Held: There is no implied private cause of action for damages under § 17(a). Pp. 442 U. S. 568-579.
(a) In terms, § 17(a) simply requires broker-dealers to keep such records and file such reports as the SEC may prescribe, and does not purport to create a private cause of action in favor of anyone. The
section's intent, evident from its face, is to provide the SEC, the Exchange, and other authorities with a sufficiently early warning to enable them to take appropriate action to protect investors before a broker-dealer's financial collapse, and not by any stretch of its language does the section purport to confer private damages rights or any remedy in the event the regulatory authorities are unsuccessful in achieving their objectives and the broker-dealer becomes insolvent before corrective steps can be taken. Pp. 442 U. S. 568-571.

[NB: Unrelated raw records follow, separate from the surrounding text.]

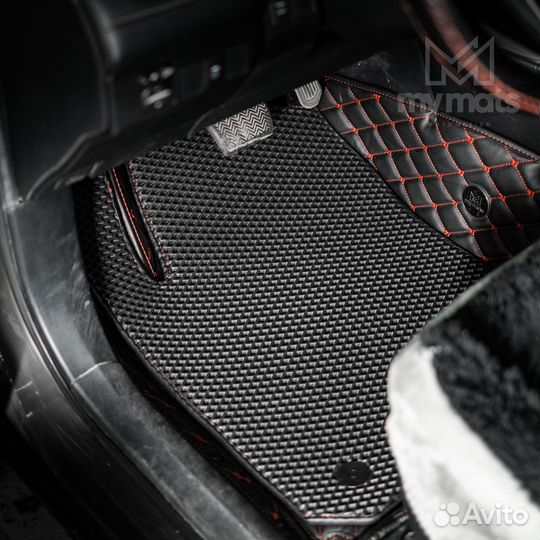 3D коврики из экокожи для Toyota RAV 4 2018-2020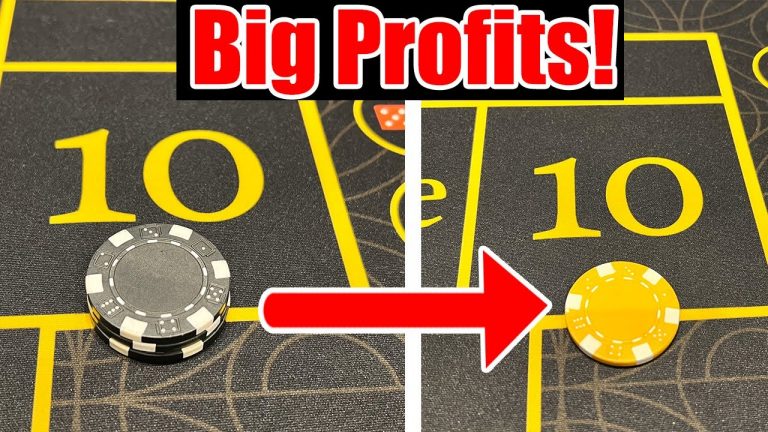 Best Craps Strategy for High Rollers || 600 To Paradise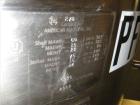 Used American Alloy Fab Pressure Nutsche Filter, Hastelloy Construction. Internal rated 60 psi at 302 degrees F. jacket rated 75 psi at 266 degrees F. (4) Legs on cart. Built 2009, serial #5939, Nati...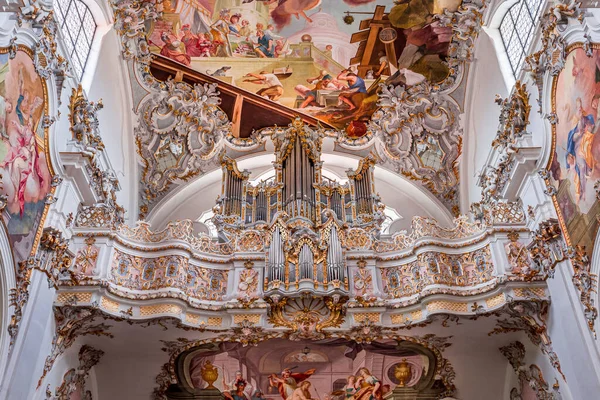 Steingaden Bavaria Germany May 2022 Interiors Frescoes Architectural Decors John — Stok fotoğraf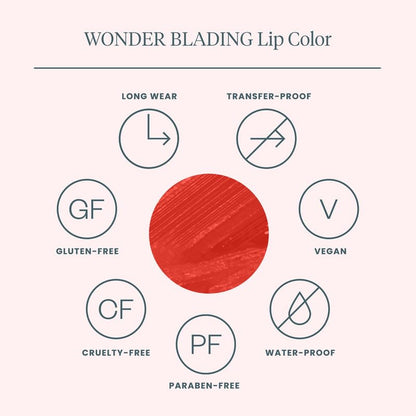 Wonderskin Peel Off Lip Stain: Waterproof, Transfer Proof Nude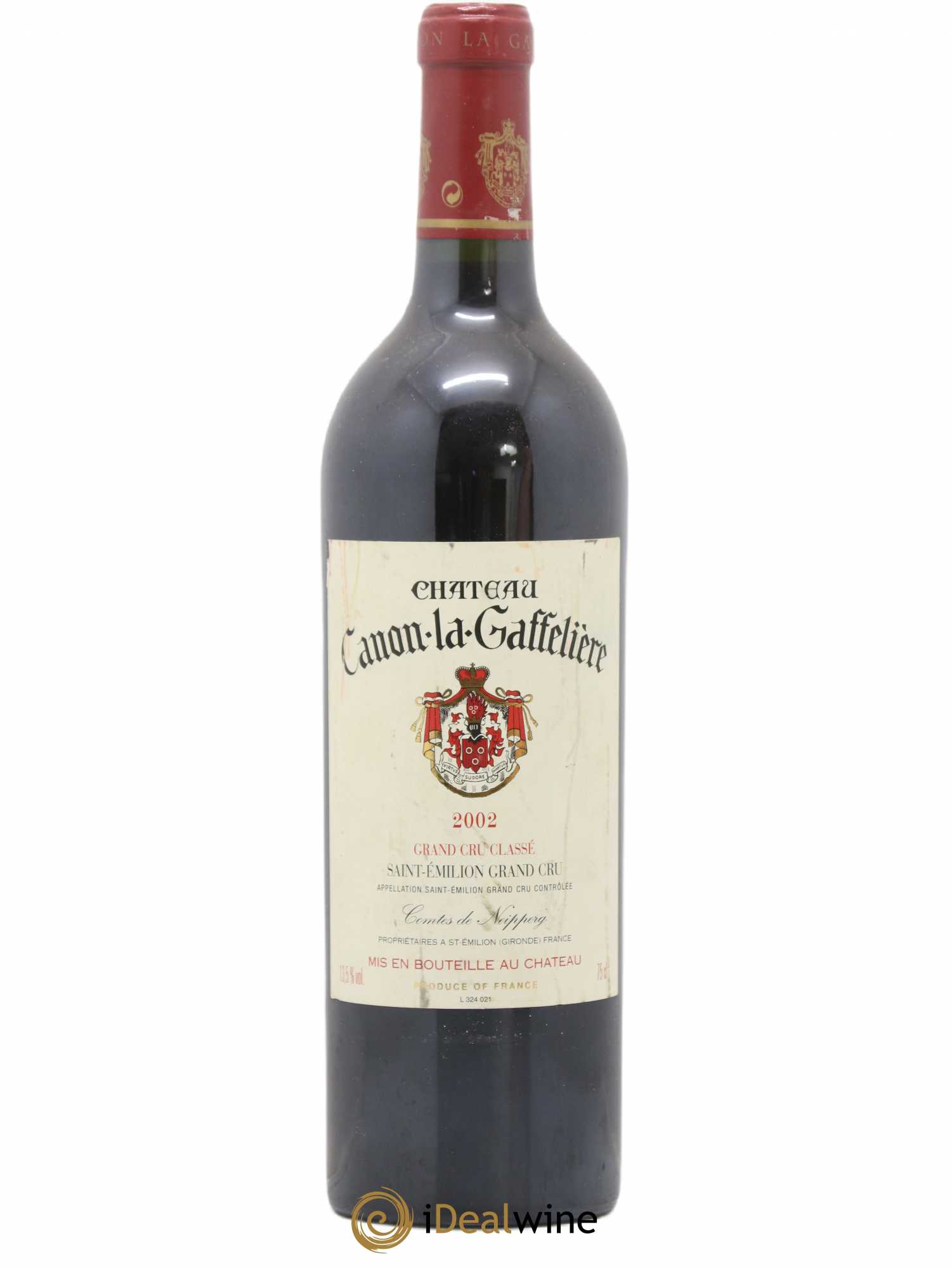 Château Canon la Gaffelière 1er Grand Cru Classé B 2002 - Lot de 1 bouteille - 0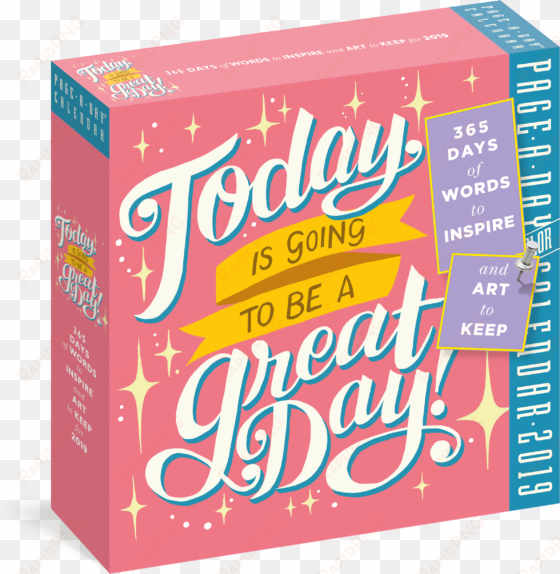 9781523502813 3d v=1537390857 - today is going to be a great day! page-a-day calendar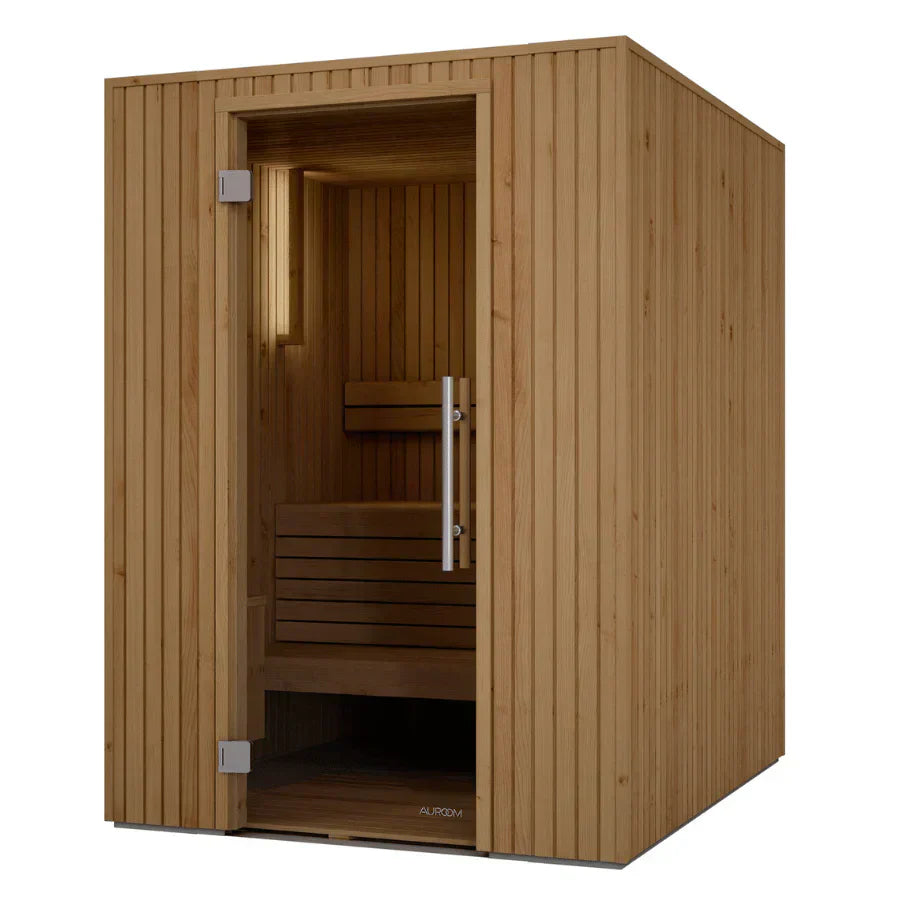 Auroom Familia Indoor Sauna Cabin with Customizable Glass Door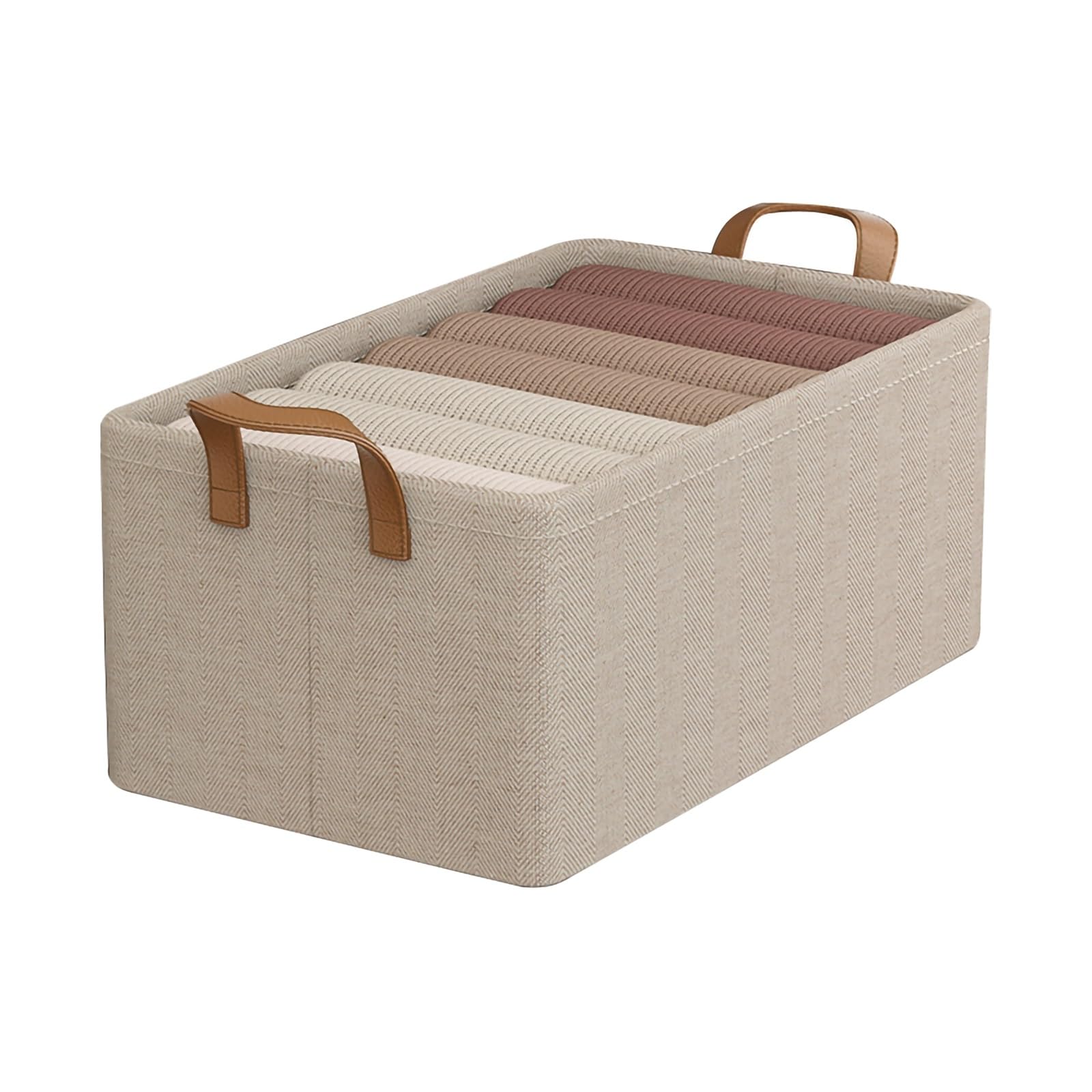 Dortoir pour vêtements et pantalons HonaKo boîte de rangement pliable type tiroir
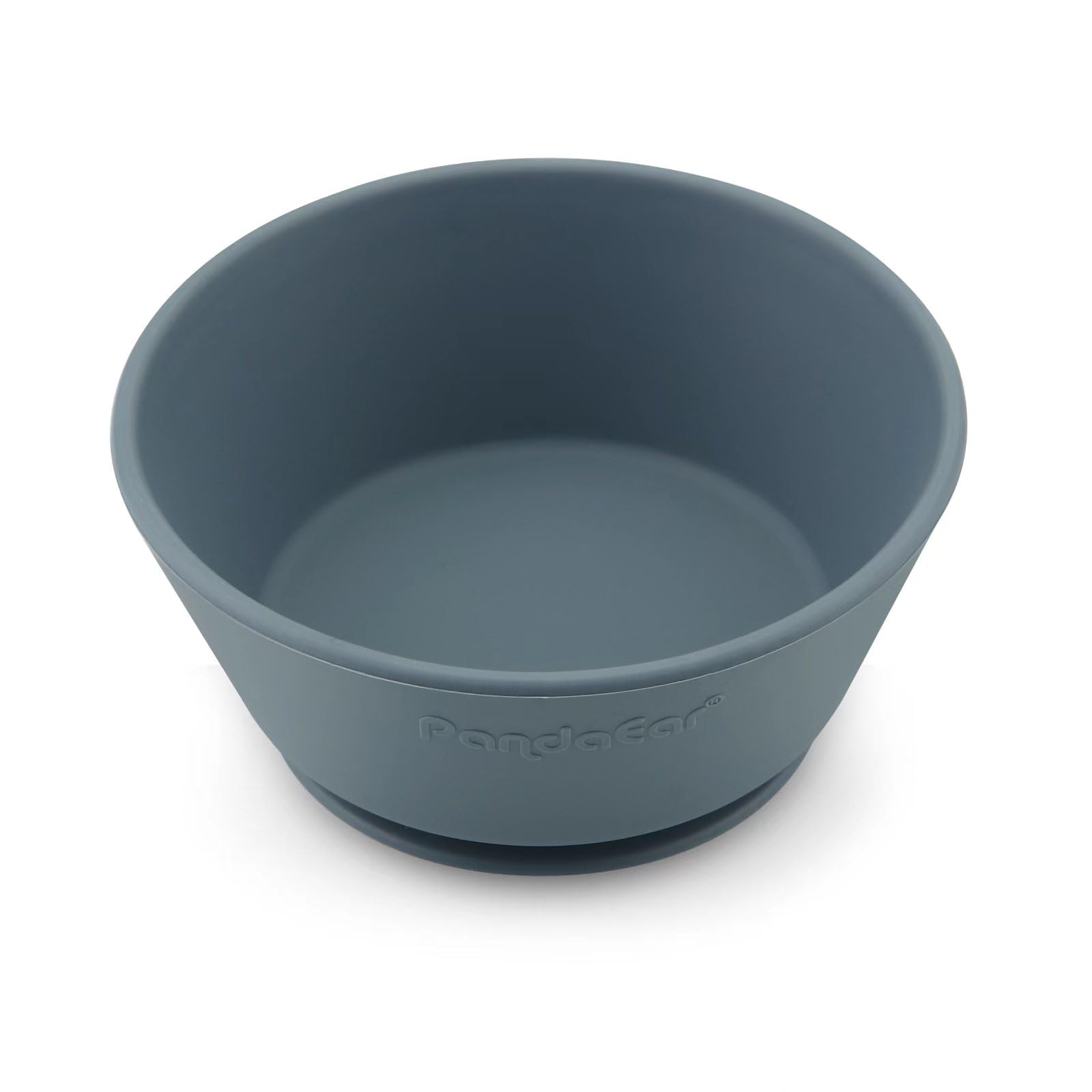 PandaEar Bowl Saugschüssel Silikon 3er Blau/Grau saugfest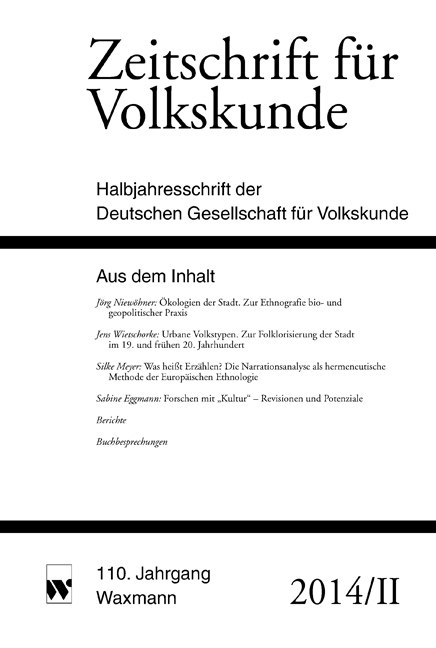 Zeitschrift für Volkskunde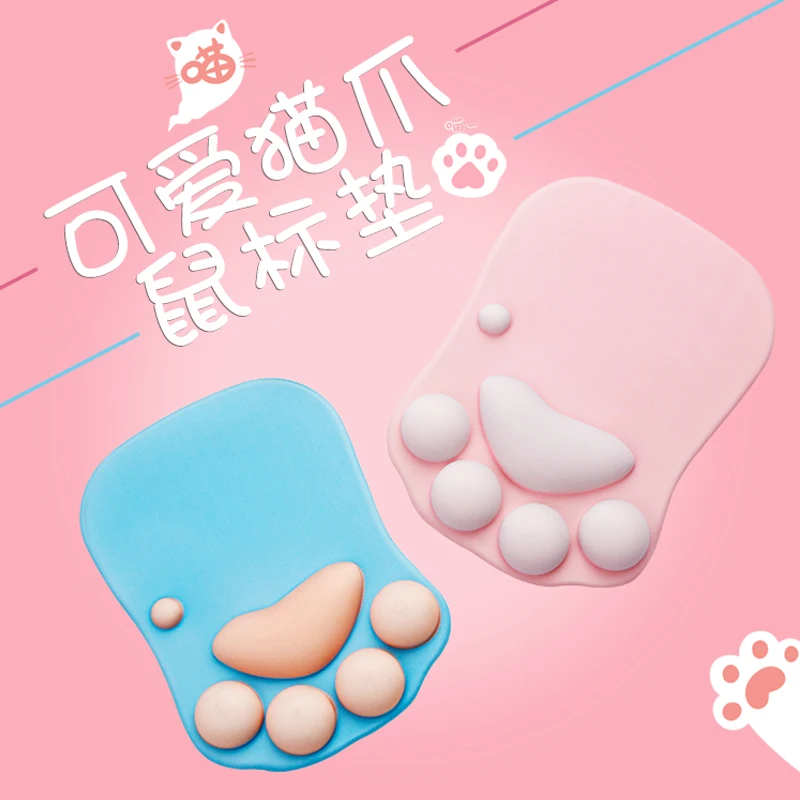 

1Pc Silicone Cute 3D Cat Paw Mouse Pad Soft Nonslip Mouse Mat For Office Home Computer Laptop Gaming Desk Decor Mousepad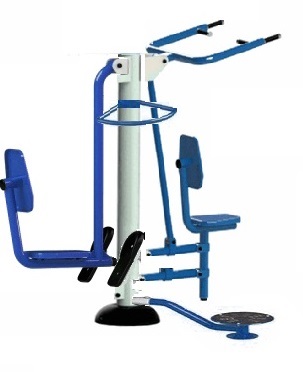 Dụng Cụ Thể Thao Ngoài Trời | Dụng cụ 3 trong 1: Kéo tay - Đạp chân - Xoay eo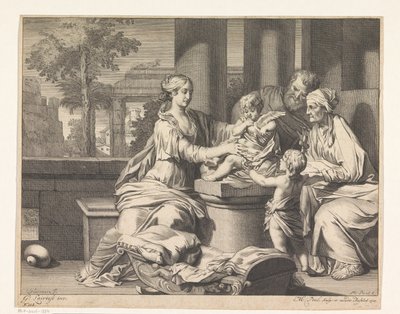 Zacharias, Elizabeth ve Vaftizci Yahya ile Kutsal Aile by Matthijs Pool
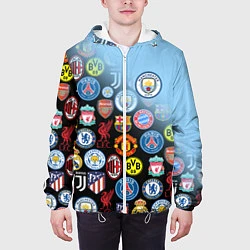 Куртка с капюшоном мужская МАНЧЕСТЕР СИТИ MANCHESTER CITY, цвет: 3D-белый — фото 2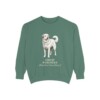 Great Pyrenees Latin Sweatshirt, Light Green, front view
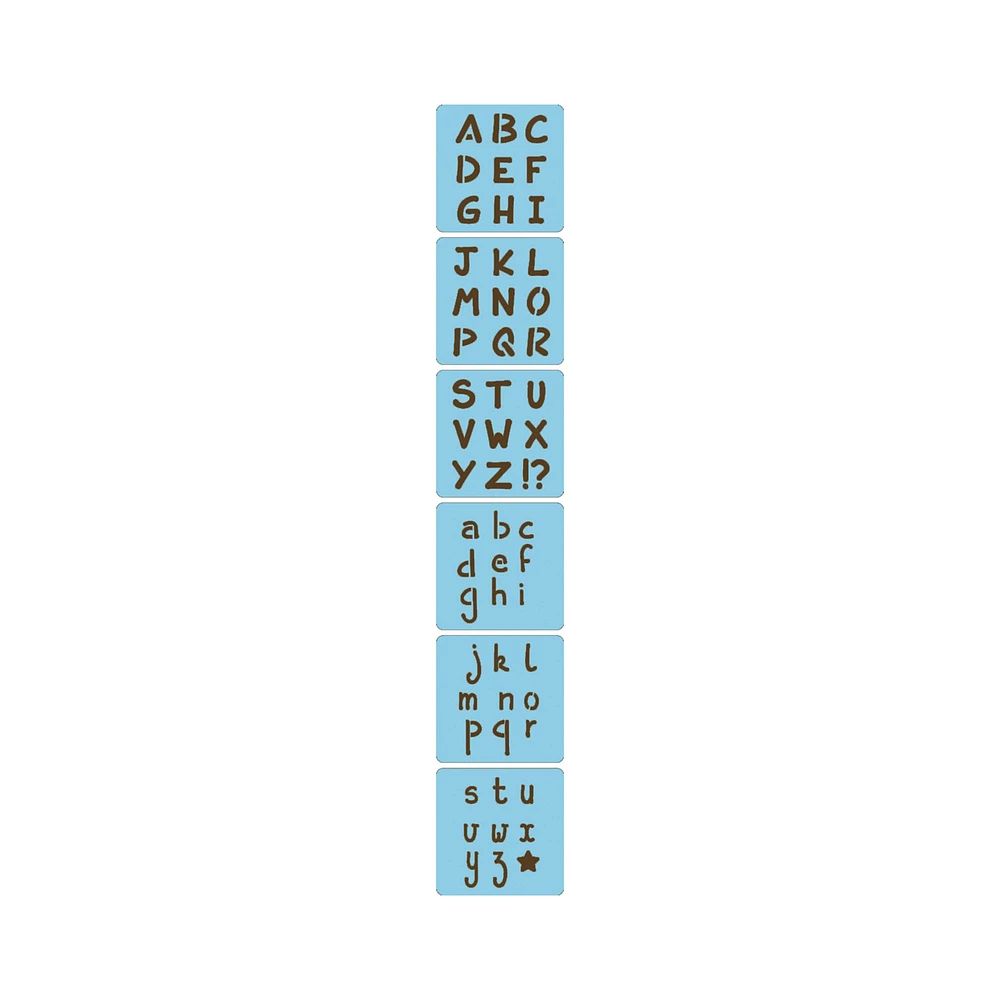 Pack of 6 Stencils – Alphabet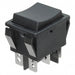 R5IBLKBLKEF0 by E-Switch - ROCKER SWITCH DPDT15A 125V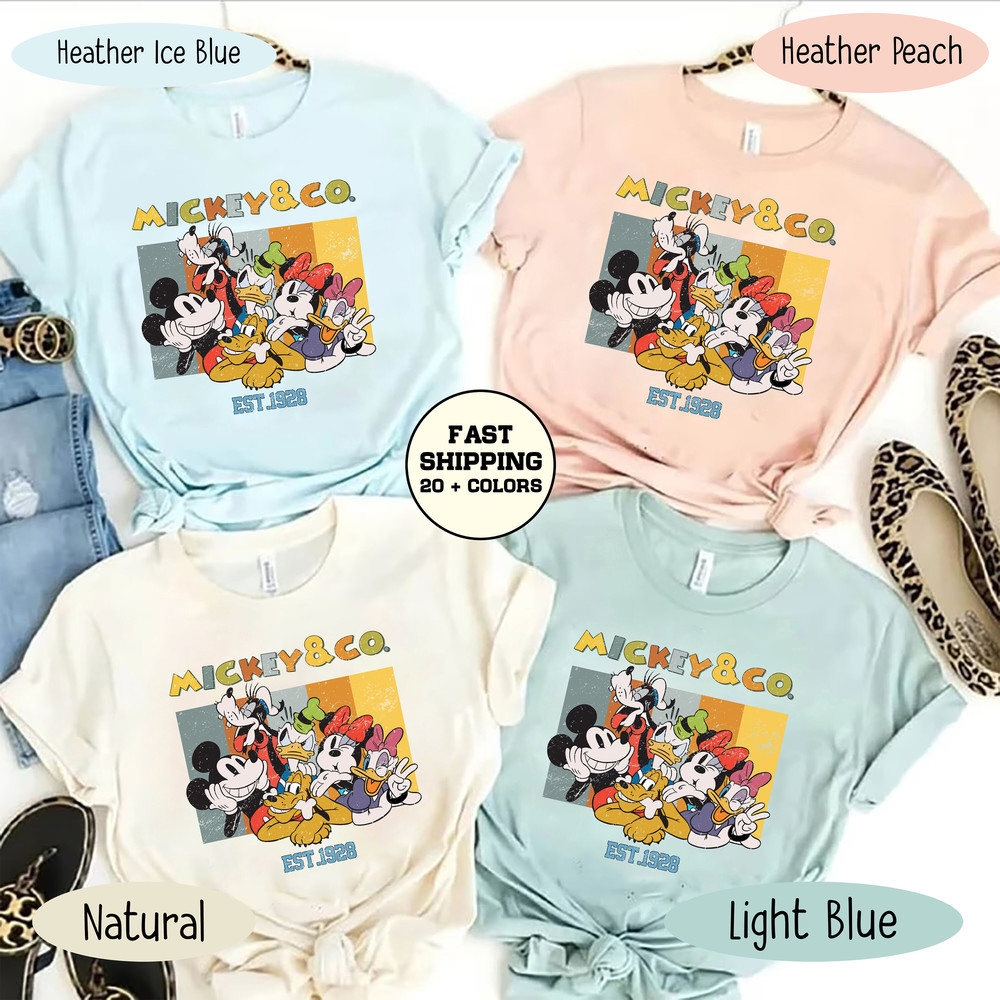 Retro Mickey and Co 1928 Shirt, Vintage Mickey and Friends Shirt, Disney Characters Shirt, Retro Mickey Shirt, Retro Disney World Shirt - 2.jpg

(b) The conclusion that no private right of action is implicit in § 17(a) is reinforced by the fact that the 1934 Act's legislative history is entirely silent on whether or not such a right of action should be available. This conclusion is also supported by the statutory scheme under which other sections of the Act explicitly grant private causes of action. More particularly, a cause of action in § 17(a) should not be implied that is significantly broader than the one granted in § 18(a), which provides the principal express civil remedy for misstatements in reports, but limits it to purchasers and sellers of securities. Pp. 442 U. S. 571-574.
(c) The inquiry in a case such as this ends when it is determined on the basis of the statutory language and the legislative history that Congress did not intend to create, either expressly or by implication, a private cause of action. Further inquiries as to the "necessity" of implying a private remedy and the proper forum for enforcement of the asserted rights have little relevance to the decision of the case. Pp. 442 U. S. 575-576.
(d) Section 27 and the remedial purposes of the 1934 Act do not furnish a sufficient ground for holding that the federal courts should provide a damages remedy for petitioner's alleged breach of its duties under § 17(a). Section 27 merely grants jurisdiction to federal district courts over violations of the Act and suits to enforce any liability or duty thereunder, and provides for venue and service of process. It creates no cause of action of its own force and effect, and imposes no liabilities. And generalized references to the "remedial purposes" of the Act do not justify reading a provision "more broadly than its language and the statutory scheme reasonably permit." SEC v. Sloan, 436 U. S. 103, 436 U. S. 116. Pp. 442 U. S. 576-578.
592 F.2d 617, reversed and remanded.
REHNQUIST, J., delivered the opinion of the Court, in which BURGER, C.J., and BRENNAN, STEWART, WHITE, BLACKMUN, and STEVENS, JJ., joined. BRENNAN, J., filed a concurring opinion, post, p. 442 U. S. 579. MARSHALL, J., filed a dissenting opinion, post, p. 442 U. S. 580. POWELL, J., took no part in the consideration or decision of the case.